Say how many lines of the listing below include "мефедрон". Write only that number.
Content starts
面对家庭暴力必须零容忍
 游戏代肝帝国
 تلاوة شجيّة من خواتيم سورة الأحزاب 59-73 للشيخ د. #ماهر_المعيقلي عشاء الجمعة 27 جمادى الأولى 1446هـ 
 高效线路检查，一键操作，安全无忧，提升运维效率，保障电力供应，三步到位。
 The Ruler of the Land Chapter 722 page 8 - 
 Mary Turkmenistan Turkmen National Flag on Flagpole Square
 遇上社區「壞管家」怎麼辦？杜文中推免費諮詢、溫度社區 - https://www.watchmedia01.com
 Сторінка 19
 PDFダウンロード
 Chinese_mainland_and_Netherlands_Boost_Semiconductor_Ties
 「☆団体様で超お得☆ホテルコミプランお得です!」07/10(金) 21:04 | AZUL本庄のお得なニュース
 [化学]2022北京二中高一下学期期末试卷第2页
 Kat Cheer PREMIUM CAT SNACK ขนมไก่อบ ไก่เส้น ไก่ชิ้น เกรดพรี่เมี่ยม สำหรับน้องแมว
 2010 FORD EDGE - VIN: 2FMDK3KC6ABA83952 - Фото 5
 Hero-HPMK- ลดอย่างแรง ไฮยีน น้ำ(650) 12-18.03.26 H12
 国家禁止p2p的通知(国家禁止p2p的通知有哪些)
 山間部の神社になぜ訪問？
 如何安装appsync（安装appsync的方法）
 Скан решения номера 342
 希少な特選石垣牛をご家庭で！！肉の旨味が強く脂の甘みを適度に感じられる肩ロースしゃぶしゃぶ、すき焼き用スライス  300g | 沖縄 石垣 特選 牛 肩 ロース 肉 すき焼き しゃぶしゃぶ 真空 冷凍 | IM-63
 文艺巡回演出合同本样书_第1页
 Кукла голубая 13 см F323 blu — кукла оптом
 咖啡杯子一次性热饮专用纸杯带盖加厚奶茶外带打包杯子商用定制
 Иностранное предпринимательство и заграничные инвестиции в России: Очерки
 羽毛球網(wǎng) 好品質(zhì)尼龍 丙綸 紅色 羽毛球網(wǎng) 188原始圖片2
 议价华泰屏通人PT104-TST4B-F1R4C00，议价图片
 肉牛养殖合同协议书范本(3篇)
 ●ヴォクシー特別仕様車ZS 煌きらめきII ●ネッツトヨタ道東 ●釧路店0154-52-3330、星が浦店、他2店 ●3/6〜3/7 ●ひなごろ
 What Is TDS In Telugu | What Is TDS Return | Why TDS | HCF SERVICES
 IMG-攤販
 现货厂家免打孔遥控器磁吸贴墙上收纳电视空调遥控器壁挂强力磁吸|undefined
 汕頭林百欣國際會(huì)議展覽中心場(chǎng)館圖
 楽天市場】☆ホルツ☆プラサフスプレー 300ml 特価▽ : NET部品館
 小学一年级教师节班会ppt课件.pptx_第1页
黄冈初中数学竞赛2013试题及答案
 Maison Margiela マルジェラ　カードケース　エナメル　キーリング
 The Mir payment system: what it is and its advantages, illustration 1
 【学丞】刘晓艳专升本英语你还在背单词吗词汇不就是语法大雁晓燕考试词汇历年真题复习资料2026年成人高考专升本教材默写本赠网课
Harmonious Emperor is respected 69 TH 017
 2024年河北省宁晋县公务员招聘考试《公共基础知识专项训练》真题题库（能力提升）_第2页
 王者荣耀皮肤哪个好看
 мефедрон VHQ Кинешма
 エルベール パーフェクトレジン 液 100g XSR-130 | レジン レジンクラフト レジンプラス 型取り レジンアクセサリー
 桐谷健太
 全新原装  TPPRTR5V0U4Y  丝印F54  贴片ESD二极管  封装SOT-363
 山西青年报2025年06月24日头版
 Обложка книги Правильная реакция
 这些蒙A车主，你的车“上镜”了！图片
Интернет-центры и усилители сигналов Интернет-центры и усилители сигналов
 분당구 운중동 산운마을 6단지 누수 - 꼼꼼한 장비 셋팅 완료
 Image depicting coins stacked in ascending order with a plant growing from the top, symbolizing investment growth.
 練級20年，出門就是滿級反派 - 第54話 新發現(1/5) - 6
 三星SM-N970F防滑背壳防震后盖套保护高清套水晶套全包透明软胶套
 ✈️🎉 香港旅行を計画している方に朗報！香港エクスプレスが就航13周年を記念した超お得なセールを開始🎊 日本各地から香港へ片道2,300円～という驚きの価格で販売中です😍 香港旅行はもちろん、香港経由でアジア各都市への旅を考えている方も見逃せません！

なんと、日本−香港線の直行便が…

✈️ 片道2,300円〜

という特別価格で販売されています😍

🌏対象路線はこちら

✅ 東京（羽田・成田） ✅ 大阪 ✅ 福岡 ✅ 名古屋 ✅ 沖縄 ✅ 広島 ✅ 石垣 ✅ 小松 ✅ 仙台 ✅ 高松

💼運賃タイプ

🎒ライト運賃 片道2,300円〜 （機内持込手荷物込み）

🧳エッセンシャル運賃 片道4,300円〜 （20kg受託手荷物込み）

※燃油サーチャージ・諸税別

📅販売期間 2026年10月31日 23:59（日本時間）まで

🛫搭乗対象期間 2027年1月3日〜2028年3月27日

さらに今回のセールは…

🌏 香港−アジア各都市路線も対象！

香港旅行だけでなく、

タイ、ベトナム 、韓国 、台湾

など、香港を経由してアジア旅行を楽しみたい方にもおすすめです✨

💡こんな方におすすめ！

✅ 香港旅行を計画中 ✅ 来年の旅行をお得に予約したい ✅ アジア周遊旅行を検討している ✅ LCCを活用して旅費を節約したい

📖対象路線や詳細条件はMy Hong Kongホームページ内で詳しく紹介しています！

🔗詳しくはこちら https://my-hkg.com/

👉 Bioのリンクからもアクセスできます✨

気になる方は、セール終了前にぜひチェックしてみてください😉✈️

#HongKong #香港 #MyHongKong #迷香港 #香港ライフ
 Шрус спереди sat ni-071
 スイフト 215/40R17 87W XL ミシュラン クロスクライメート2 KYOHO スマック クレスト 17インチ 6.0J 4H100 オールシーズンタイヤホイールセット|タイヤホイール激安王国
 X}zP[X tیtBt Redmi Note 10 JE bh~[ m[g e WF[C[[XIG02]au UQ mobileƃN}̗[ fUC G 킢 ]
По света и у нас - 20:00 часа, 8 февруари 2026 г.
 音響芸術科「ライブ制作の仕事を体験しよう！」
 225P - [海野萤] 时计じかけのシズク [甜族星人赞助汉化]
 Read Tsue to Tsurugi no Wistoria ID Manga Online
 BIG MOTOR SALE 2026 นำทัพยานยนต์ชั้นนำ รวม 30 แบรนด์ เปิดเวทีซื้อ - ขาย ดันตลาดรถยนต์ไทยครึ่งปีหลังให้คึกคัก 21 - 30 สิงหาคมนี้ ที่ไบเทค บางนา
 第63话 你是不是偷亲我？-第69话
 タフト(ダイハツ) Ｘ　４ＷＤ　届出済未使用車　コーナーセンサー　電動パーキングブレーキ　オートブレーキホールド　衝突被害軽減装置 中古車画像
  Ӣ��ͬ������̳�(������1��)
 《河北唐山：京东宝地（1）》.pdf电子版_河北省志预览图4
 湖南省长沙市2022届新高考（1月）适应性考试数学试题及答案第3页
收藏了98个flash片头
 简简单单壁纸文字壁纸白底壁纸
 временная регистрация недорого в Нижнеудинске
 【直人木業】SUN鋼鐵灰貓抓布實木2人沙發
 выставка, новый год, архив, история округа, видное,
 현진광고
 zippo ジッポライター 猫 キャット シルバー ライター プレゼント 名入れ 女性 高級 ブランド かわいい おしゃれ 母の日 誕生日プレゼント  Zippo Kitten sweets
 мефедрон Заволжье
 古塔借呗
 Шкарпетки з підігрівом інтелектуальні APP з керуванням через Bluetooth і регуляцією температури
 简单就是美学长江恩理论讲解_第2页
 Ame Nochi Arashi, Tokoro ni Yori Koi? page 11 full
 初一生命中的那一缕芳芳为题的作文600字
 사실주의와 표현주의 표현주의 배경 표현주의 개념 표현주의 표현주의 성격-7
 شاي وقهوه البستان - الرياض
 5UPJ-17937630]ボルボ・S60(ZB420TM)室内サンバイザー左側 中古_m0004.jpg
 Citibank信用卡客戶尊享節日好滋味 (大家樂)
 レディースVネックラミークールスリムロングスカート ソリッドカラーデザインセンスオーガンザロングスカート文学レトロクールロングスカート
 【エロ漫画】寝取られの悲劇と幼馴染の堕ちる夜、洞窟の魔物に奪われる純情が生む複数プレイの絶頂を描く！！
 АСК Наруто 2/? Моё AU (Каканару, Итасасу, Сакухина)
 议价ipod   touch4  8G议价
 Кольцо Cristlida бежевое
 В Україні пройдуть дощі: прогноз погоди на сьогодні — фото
Content ends
## TASK OUTPUT
2